Gangnam Ultherapy PrimeAn Editorial Archive
Gangnam Station underground shopping corridor with bright fluorescent lighting and pedestrians

Travel & Culture

Gangnam Station: I Still Don't Fully Get It, But Here's What I've Figured Out

Twelve exits, a basement city, and the constant feeling that I've come up on the wrong corner — but after four trips I've stopped panicking. Here's how.

Gangnam Station is the busiest subway station in Seoul. On a Friday night something like 200,000 people move through it. I've come up on the wrong corner of it more times than I want to admit. I've stood at exit 7 looking for a hotel that was at exit 11. I've taken the wrong corridor underground and walked twelve minutes the opposite direction of where I was going. Four trips in I've made peace with the fact that I will never fully understand this station. But I've figured out enough — and what I've figured out is most of what an American visitor needs to not feel like the city is winning every time you step off the train.

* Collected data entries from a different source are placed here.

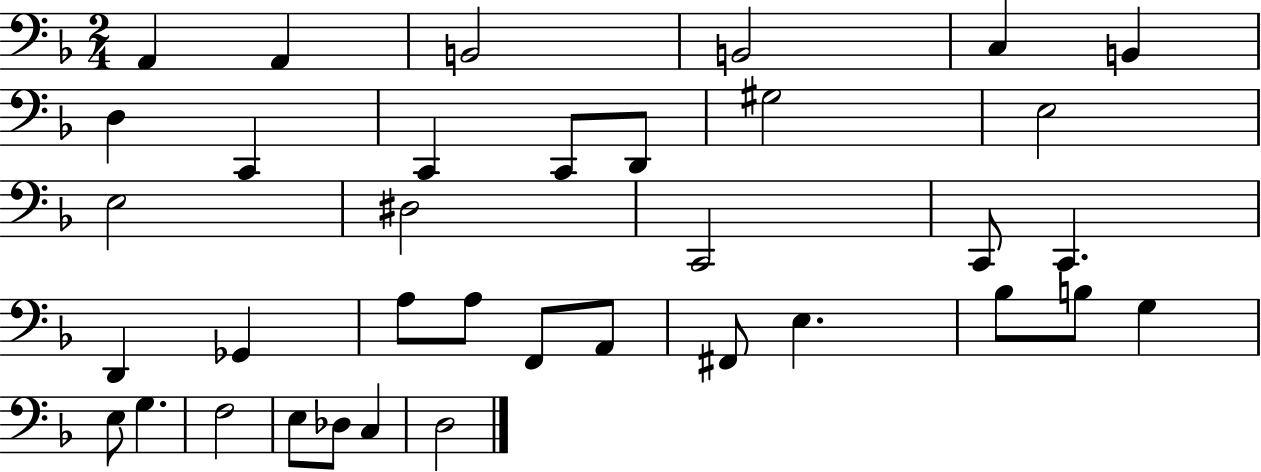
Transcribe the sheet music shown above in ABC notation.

X:1
T:Untitled
M:2/4
L:1/4
K:F
A,, A,, B,,2 B,,2 C, B,, D, C,, C,, C,,/2 D,,/2 ^G,2 E,2 E,2 ^D,2 C,,2 C,,/2 C,, D,, _G,, A,/2 A,/2 F,,/2 A,,/2 ^F,,/2 E, _B,/2 B,/2 G, E,/2 G, F,2 E,/2 _D,/2 C, D,2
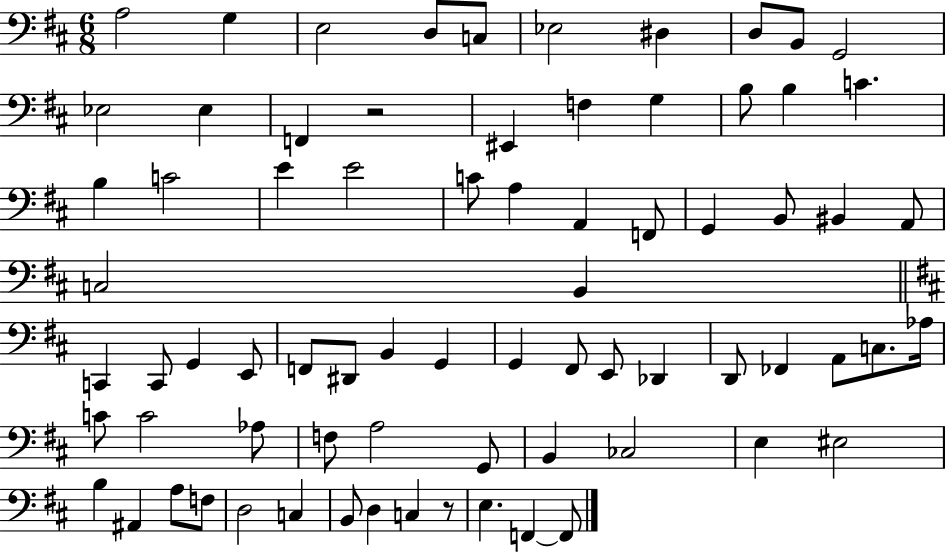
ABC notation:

X:1
T:Untitled
M:6/8
L:1/4
K:D
A,2 G, E,2 D,/2 C,/2 _E,2 ^D, D,/2 B,,/2 G,,2 _E,2 _E, F,, z2 ^E,, F, G, B,/2 B, C B, C2 E E2 C/2 A, A,, F,,/2 G,, B,,/2 ^B,, A,,/2 C,2 B,, C,, C,,/2 G,, E,,/2 F,,/2 ^D,,/2 B,, G,, G,, ^F,,/2 E,,/2 _D,, D,,/2 _F,, A,,/2 C,/2 _A,/4 C/2 C2 _A,/2 F,/2 A,2 G,,/2 B,, _C,2 E, ^E,2 B, ^A,, A,/2 F,/2 D,2 C, B,,/2 D, C, z/2 E, F,, F,,/2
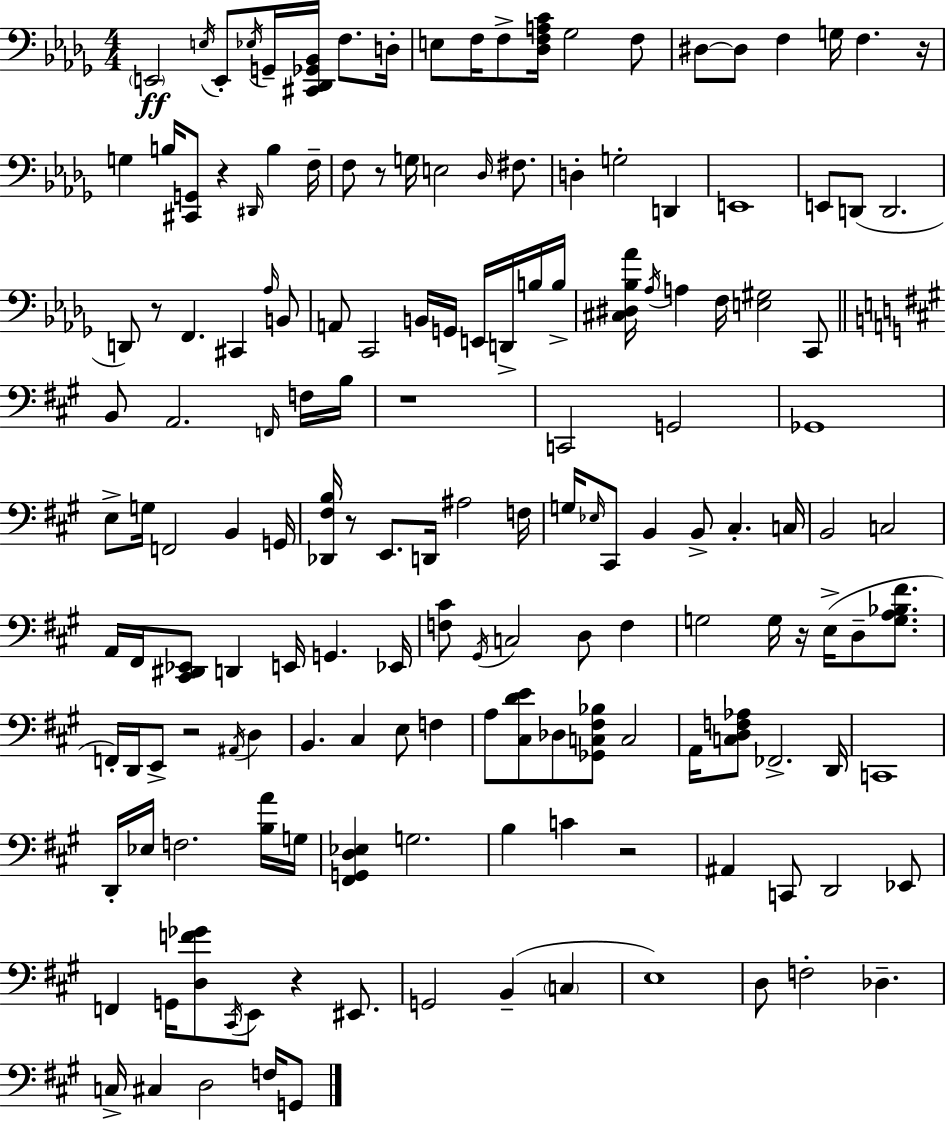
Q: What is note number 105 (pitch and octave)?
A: FES2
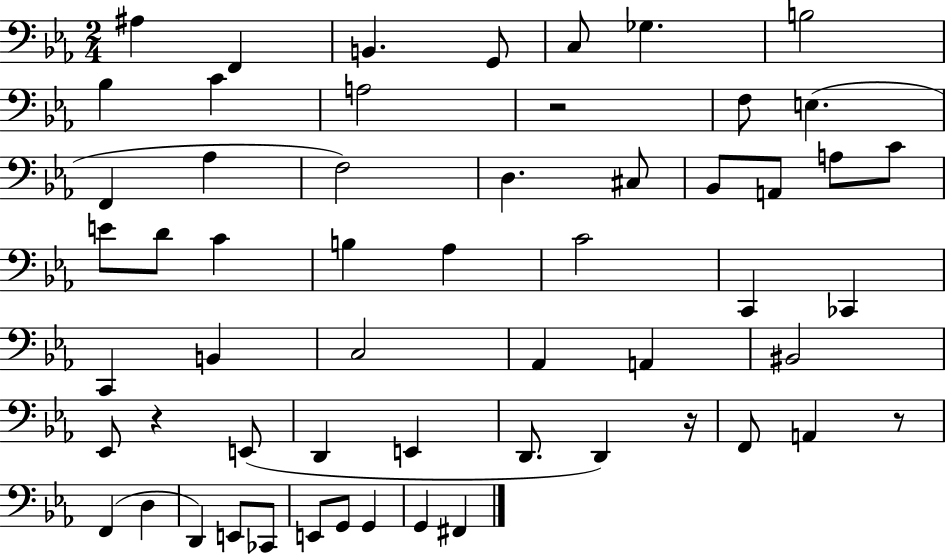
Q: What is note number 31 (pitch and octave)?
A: B2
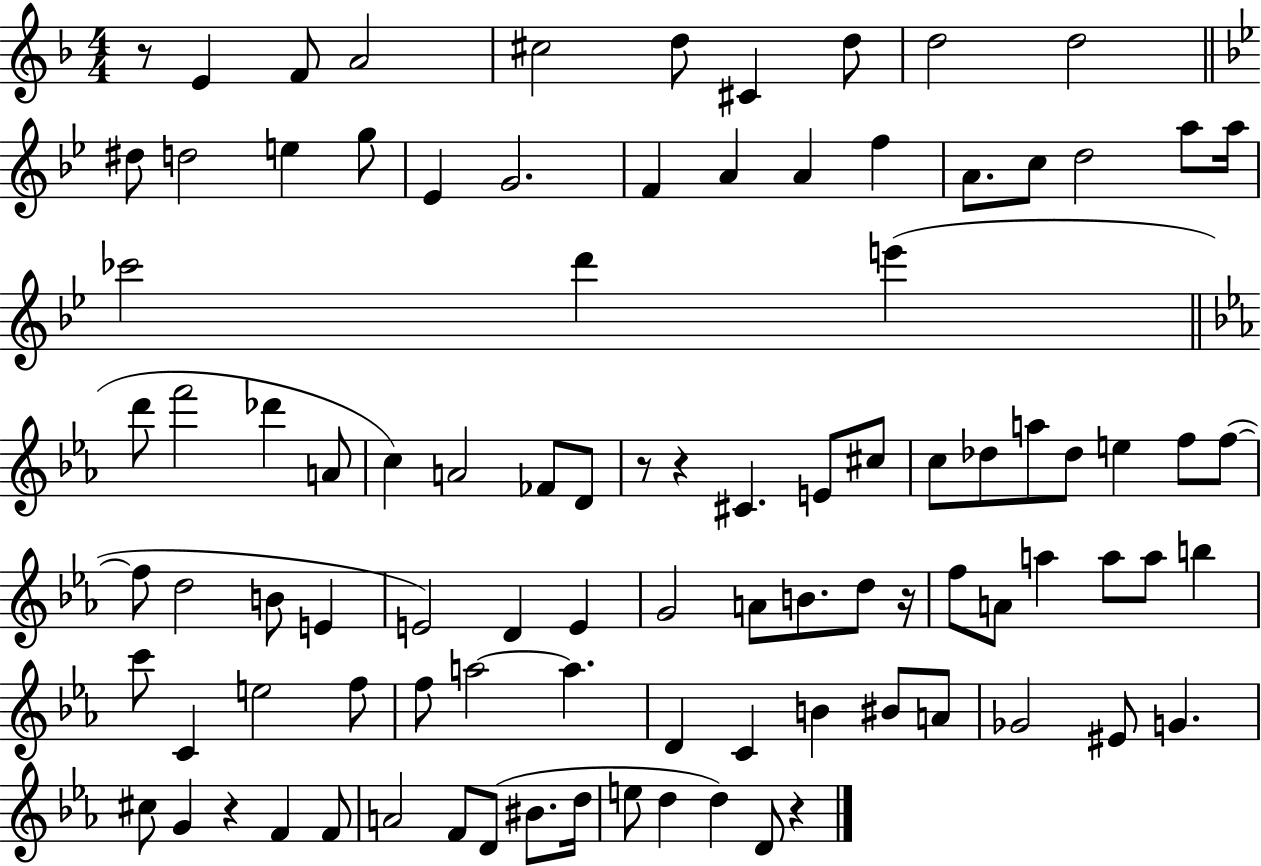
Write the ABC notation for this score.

X:1
T:Untitled
M:4/4
L:1/4
K:F
z/2 E F/2 A2 ^c2 d/2 ^C d/2 d2 d2 ^d/2 d2 e g/2 _E G2 F A A f A/2 c/2 d2 a/2 a/4 _c'2 d' e' d'/2 f'2 _d' A/2 c A2 _F/2 D/2 z/2 z ^C E/2 ^c/2 c/2 _d/2 a/2 _d/2 e f/2 f/2 f/2 d2 B/2 E E2 D E G2 A/2 B/2 d/2 z/4 f/2 A/2 a a/2 a/2 b c'/2 C e2 f/2 f/2 a2 a D C B ^B/2 A/2 _G2 ^E/2 G ^c/2 G z F F/2 A2 F/2 D/2 ^B/2 d/4 e/2 d d D/2 z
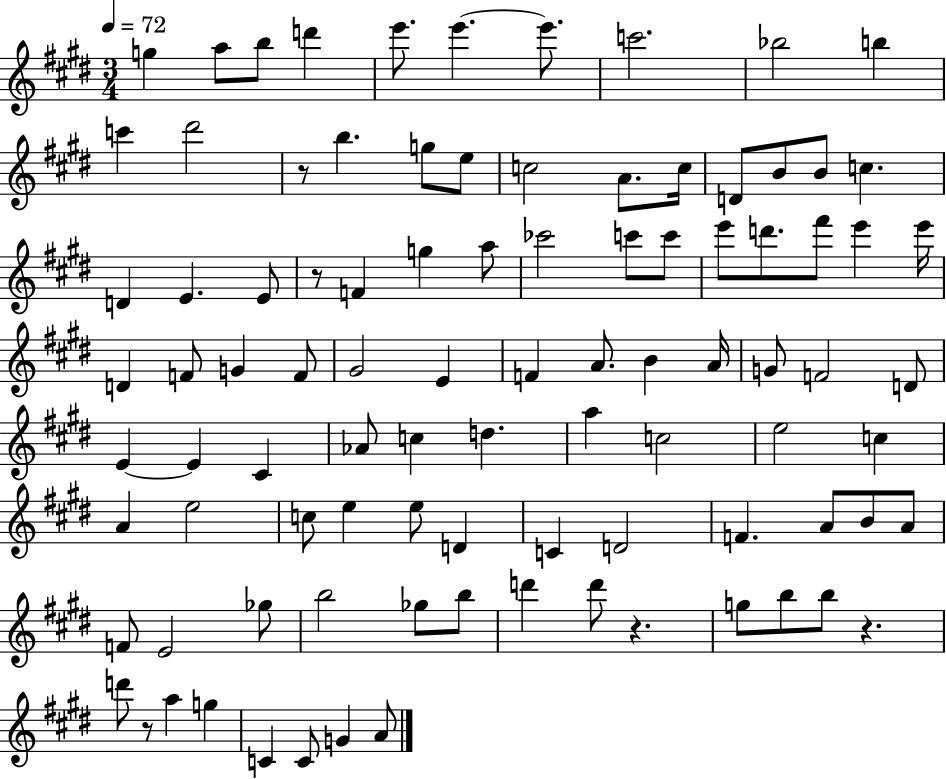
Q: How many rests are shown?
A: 5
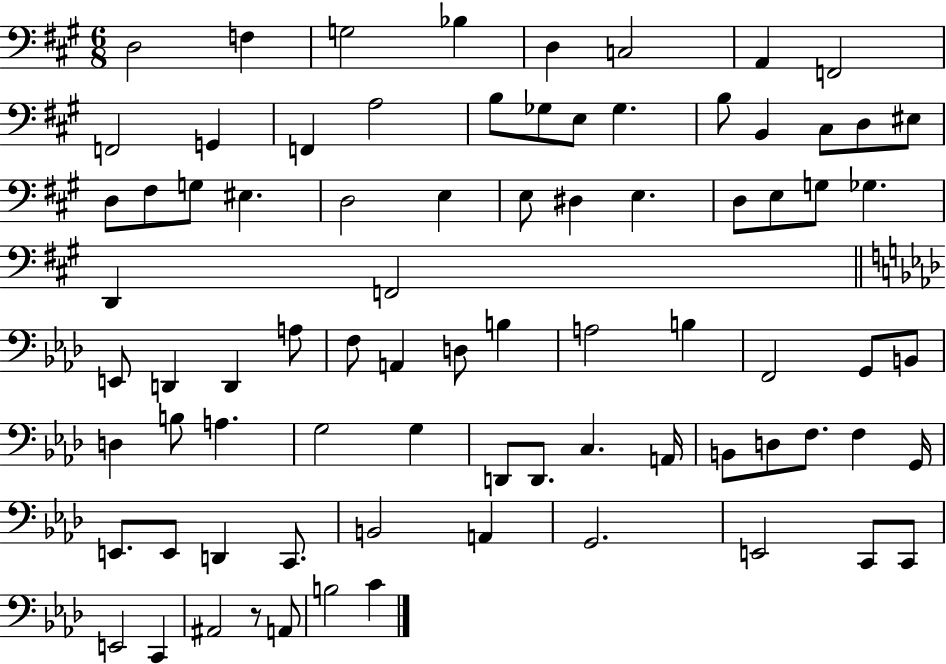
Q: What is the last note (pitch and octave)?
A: C4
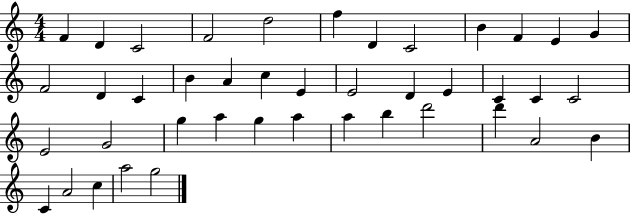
{
  \clef treble
  \numericTimeSignature
  \time 4/4
  \key c \major
  f'4 d'4 c'2 | f'2 d''2 | f''4 d'4 c'2 | b'4 f'4 e'4 g'4 | \break f'2 d'4 c'4 | b'4 a'4 c''4 e'4 | e'2 d'4 e'4 | c'4 c'4 c'2 | \break e'2 g'2 | g''4 a''4 g''4 a''4 | a''4 b''4 d'''2 | d'''4 a'2 b'4 | \break c'4 a'2 c''4 | a''2 g''2 | \bar "|."
}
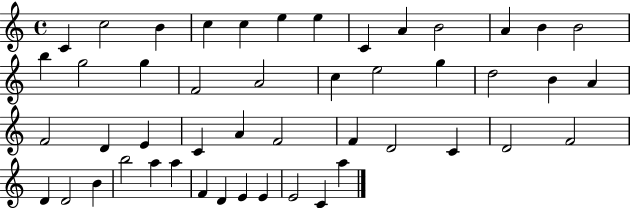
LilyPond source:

{
  \clef treble
  \time 4/4
  \defaultTimeSignature
  \key c \major
  c'4 c''2 b'4 | c''4 c''4 e''4 e''4 | c'4 a'4 b'2 | a'4 b'4 b'2 | \break b''4 g''2 g''4 | f'2 a'2 | c''4 e''2 g''4 | d''2 b'4 a'4 | \break f'2 d'4 e'4 | c'4 a'4 f'2 | f'4 d'2 c'4 | d'2 f'2 | \break d'4 d'2 b'4 | b''2 a''4 a''4 | f'4 d'4 e'4 e'4 | e'2 c'4 a''4 | \break \bar "|."
}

The exit number matters more than anything else

If I could go back and tell trip-one me one thing about Seoul subway travel, it would be this: before you swipe in, check which exit number you need. Not the general direction. Not "the south side." The specific exit number. Gangnam Station has twelve numbered exits, spread across roughly four city blocks of underground tunnels. Coming up exit 1 versus exit 12 is the difference between standing in front of your hotel and standing a fifteen-minute walk away on the other side of a six-lane road.

Every Seoul hotel, restaurant, and clinic worth its salt lists an exit number on its website. Sometimes two — "5 minutes from exit 10, 8 minutes from exit 11." Memorize it. Screenshot it before you leave Wi-Fi. The signage inside the station is in Korean, English, Japanese, and Chinese, and the exit numbers are huge yellow blocks you can't miss, but only if you know which number you're looking for. I once spent twenty-three minutes lost underground at Gangnam Station because I'd written "south exit" in my notes instead of "exit 11." My cousin still brings this up. I deserve it.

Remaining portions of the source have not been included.